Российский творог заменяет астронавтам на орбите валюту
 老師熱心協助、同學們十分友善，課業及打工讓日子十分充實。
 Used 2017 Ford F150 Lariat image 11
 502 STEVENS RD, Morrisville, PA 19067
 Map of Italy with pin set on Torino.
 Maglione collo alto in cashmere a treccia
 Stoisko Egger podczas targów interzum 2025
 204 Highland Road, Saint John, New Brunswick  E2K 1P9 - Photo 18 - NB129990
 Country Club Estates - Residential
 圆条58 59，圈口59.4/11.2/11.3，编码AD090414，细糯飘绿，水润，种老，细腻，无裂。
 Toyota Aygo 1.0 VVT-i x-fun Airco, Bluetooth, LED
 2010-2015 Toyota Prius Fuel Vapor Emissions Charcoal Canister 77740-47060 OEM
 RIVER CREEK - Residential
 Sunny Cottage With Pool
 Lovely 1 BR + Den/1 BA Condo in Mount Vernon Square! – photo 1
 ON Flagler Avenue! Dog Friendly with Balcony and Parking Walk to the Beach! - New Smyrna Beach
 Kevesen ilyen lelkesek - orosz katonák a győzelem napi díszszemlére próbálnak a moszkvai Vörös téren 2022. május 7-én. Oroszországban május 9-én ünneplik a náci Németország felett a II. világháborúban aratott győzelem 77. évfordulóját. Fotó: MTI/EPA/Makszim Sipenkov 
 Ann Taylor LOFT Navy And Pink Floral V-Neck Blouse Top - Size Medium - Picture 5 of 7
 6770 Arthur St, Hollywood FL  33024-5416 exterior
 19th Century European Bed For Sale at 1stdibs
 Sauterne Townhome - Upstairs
= = = = =
--- WORK TO COMPLETE ---
Type out the records again exactly, line for line.

--- EXERCISE ANSWER ---
Российский творог заменяет астронавтам на орбите валюту
 老師熱心協助、同學們十分友善，課業及打工讓日子十分充實。
 Used 2017 Ford F150 Lariat image 11
 502 STEVENS RD, Morrisville, PA 19067
 Map of Italy with pin set on Torino.
 Maglione collo alto in cashmere a treccia
 Stoisko Egger podczas targów interzum 2025
 204 Highland Road, Saint John, New Brunswick  E2K 1P9 - Photo 18 - NB129990
 Country Club Estates - Residential
 圆条58 59，圈口59.4/11.2/11.3，编码AD090414，细糯飘绿，水润，种老，细腻，无裂。
 Toyota Aygo 1.0 VVT-i x-fun Airco, Bluetooth, LED
 2010-2015 Toyota Prius Fuel Vapor Emissions Charcoal Canister 77740-47060 OEM
 RIVER CREEK - Residential
 Sunny Cottage With Pool
 Lovely 1 BR + Den/1 BA Condo in Mount Vernon Square! – photo 1
 ON Flagler Avenue! Dog Friendly with Balcony and Parking Walk to the Beach! - New Smyrna Beach
 Kevesen ilyen lelkesek - orosz katonák a győzelem napi díszszemlére próbálnak a moszkvai Vörös téren 2022. május 7-én. Oroszországban május 9-én ünneplik a náci Németország felett a II. világháborúban aratott győzelem 77. évfordulóját. Fotó: MTI/EPA/Makszim Sipenkov 
 Ann Taylor LOFT Navy And Pink Floral V-Neck Blouse Top - Size Medium - Picture 5 of 7
 6770 Arthur St, Hollywood FL  33024-5416 exterior
 19th Century European Bed For Sale at 1stdibs
 Sauterne Townhome - Upstairs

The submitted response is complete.